◆ **DATA FOR THE TASK**:
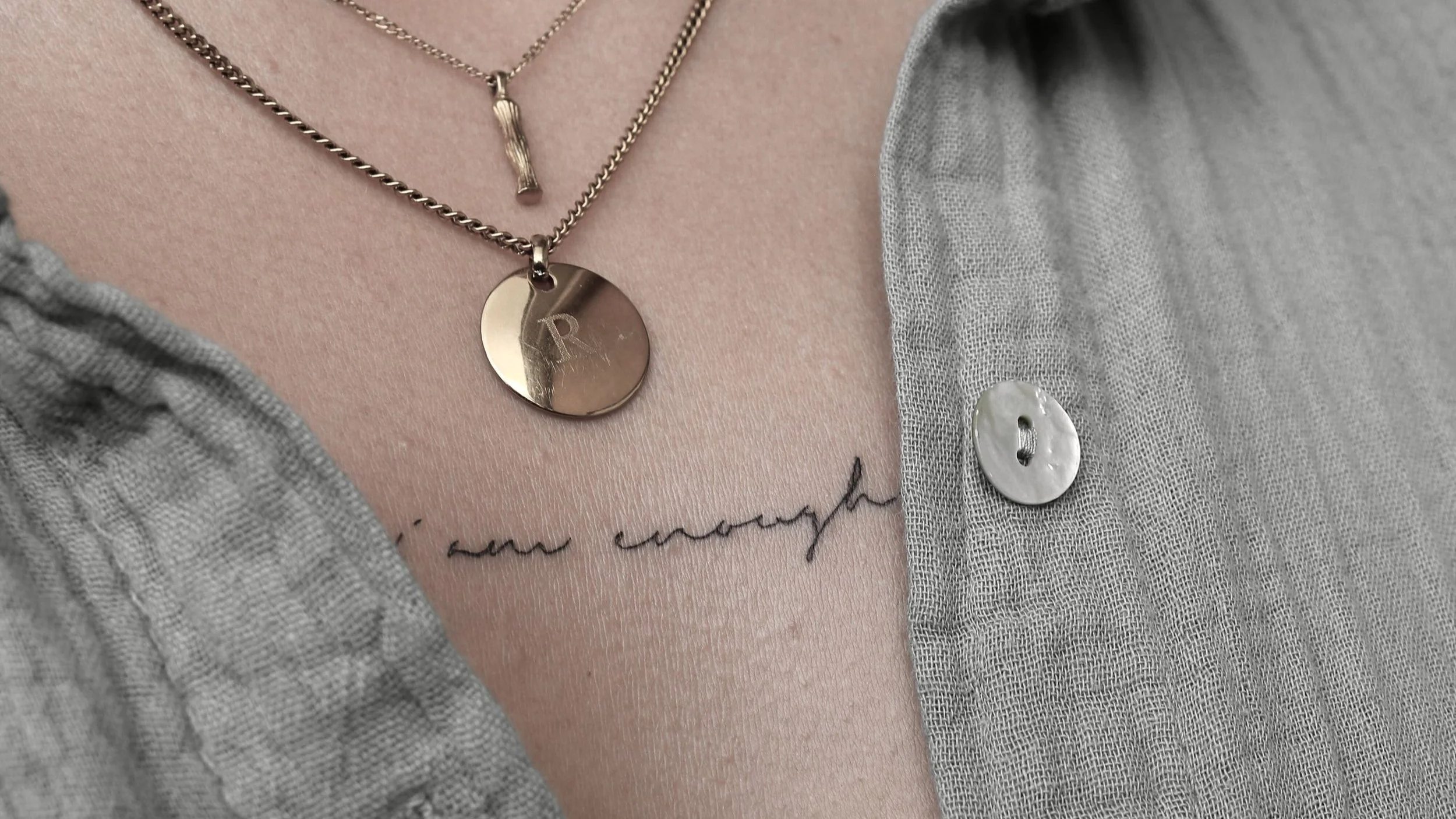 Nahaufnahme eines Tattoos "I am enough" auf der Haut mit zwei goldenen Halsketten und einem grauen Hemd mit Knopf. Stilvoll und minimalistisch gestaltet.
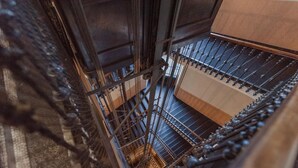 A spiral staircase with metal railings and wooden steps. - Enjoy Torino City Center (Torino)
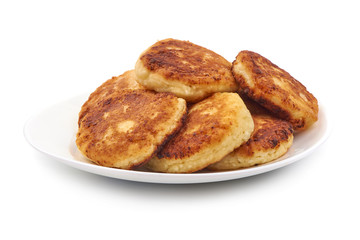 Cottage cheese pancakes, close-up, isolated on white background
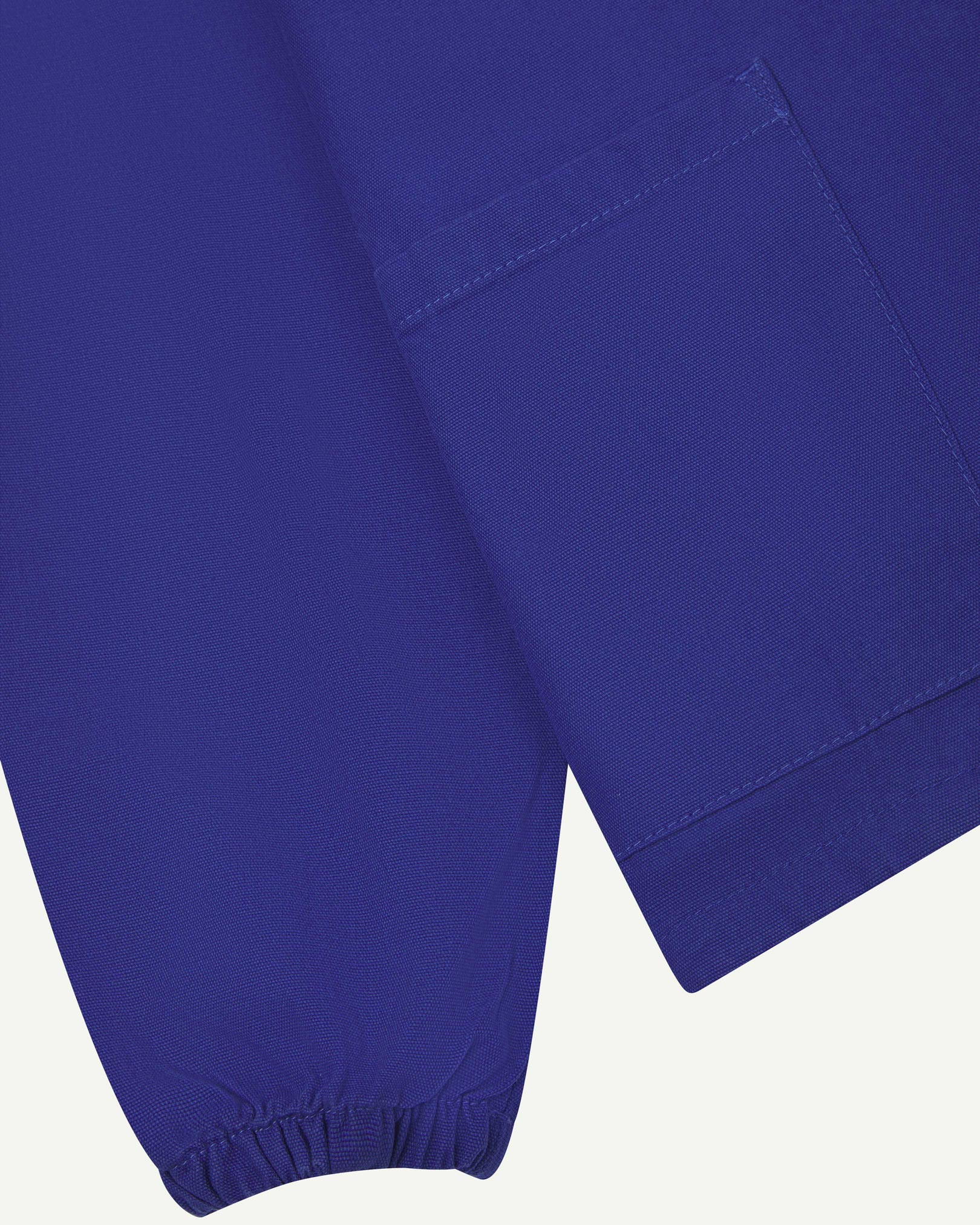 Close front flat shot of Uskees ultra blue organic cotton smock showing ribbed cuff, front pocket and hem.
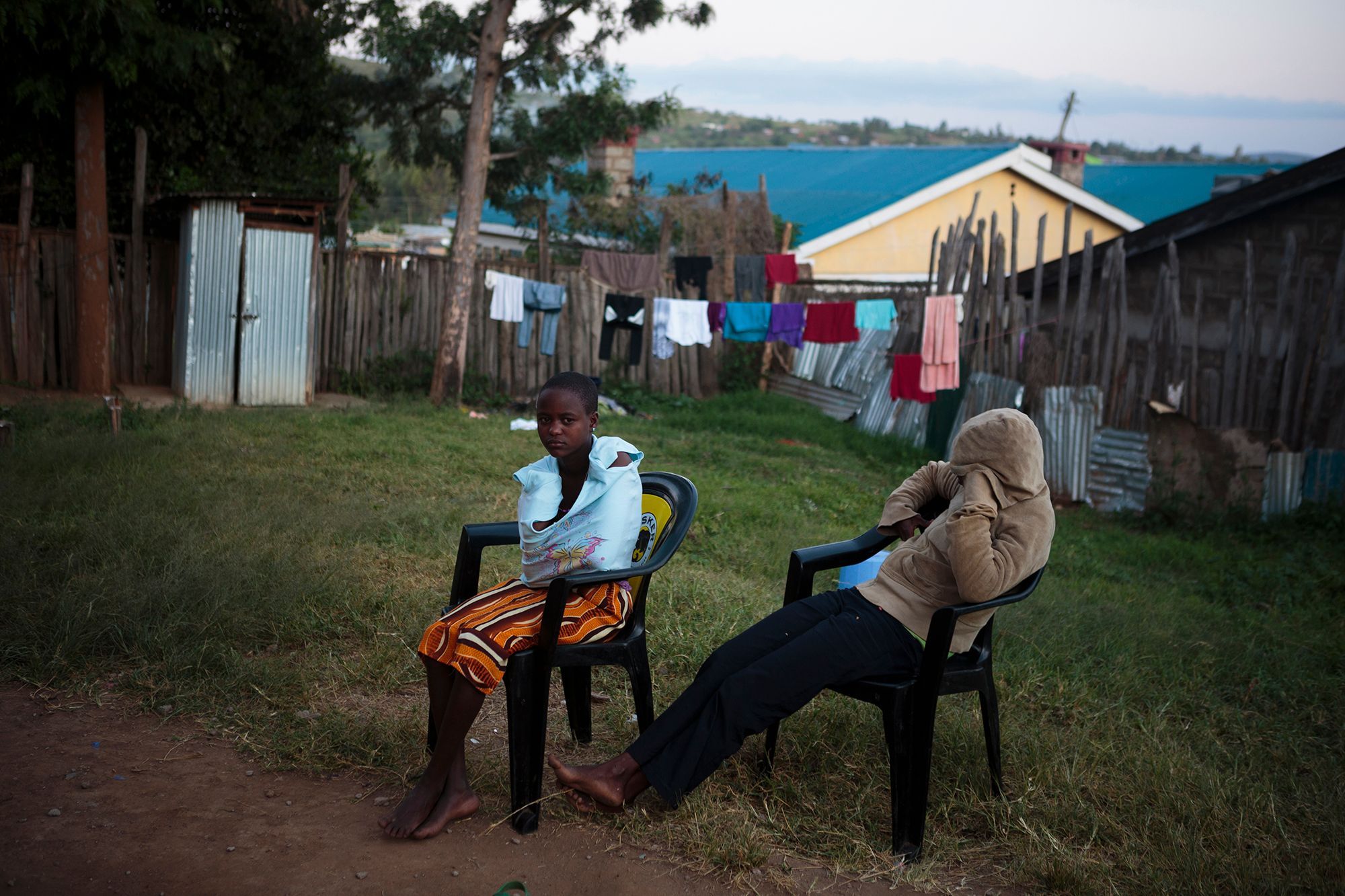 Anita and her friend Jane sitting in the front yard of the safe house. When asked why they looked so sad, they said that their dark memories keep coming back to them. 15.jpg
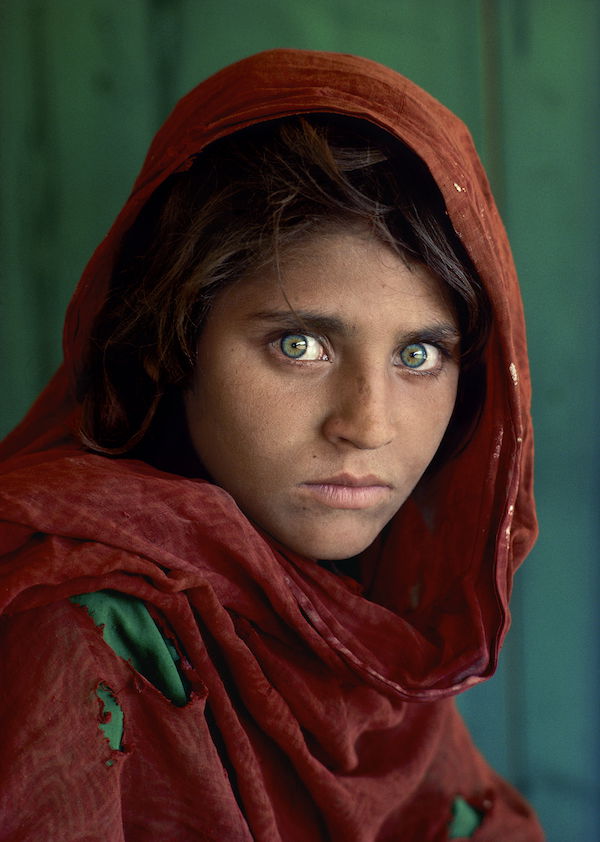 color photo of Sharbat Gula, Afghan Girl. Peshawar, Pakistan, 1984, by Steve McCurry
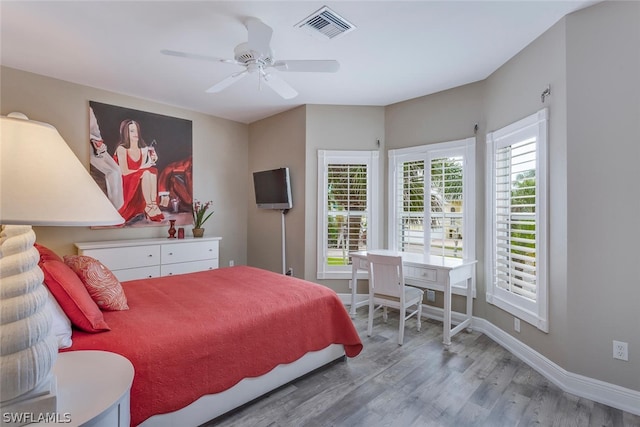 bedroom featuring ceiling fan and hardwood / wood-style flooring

◆ **PROBLEM**: Take only the line containing "color photo of" and every line after it to the end of the entries, and copy them exactly, pictures excluded.

◆ **SOLUTION FOR THIS EXERCISE**:
 color photo of Sharbat Gula, Afghan Girl. Peshawar, Pakistan, 1984, by Steve McCurry
 bedroom featuring ceiling fan and hardwood / wood-style flooring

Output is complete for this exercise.